Italian political party

The Populars of Italy Tomorrow (I Popolari di Italia Domani, PID) was a Christian-democratic political party in Italy whose power base was in Sicily. It is currently affiliated with Forza Italia.

PID was launched on 28 September 2010 by five splinter deputies (four from Sicily and one from Campania) of the Union of the Centre (UdC) led by Francesco Saverio Romano, the UdC leader in Sicily. They dissented with the party's support to Raffaele Lombardo's fourth regional government and chose to vote in favour of Silvio Berlusconi in a vote of confidence on 29 September in the Chamber of Deputies.

It was a damaging split for the UdC in Sicily, the party's historical stronghold, as 7 regional deputies out of 10 chose to follow Romano, additionally joined by a splinter from the Movement for the Autonomies, Lombardo's party.
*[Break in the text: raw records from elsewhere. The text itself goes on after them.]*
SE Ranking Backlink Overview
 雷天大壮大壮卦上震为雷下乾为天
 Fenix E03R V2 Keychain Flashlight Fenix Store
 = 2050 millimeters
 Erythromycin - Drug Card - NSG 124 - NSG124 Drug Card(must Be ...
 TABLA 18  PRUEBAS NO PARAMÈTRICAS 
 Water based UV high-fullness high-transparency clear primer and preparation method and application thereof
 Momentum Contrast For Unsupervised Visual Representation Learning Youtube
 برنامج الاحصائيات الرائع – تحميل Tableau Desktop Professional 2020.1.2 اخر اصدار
With 8 deputies, PID are the fifth largest party in the Regional Assembly. Behind the scenes, the party was supported by Salvatore Cuffaro, senator and former President of Sicily, who was forced to leave politics in January 2011 due to a 7-year conviction for mafia-related crimes.

On 20 October 2010, in the Chamber of Deputies, PID formed a joint group with We the South (NS) led by Luciano Sardelli (NS). On 20 January 2011 PID was a founding component of Responsible Initiative, a centre-right group in the Chamber, but Calogero Mannino refused to join it.

In March Mannino finally left the party to start his own, which will be called Popular Initiative, while Romano was appointed minister of Agriculture in Berlusconi IV Cabinet.

In 2012 the PID formed Cantiere Popolare along with Popular Action, the Christian Movement of Workers and the Extended Christian Pact. The new party ran in the Sicilian regional election of 2012, winning 5.9% of the votes and 4 regional deputies.

In 2013 PID–Cantiere Popolare became an associate party of Forza Italia.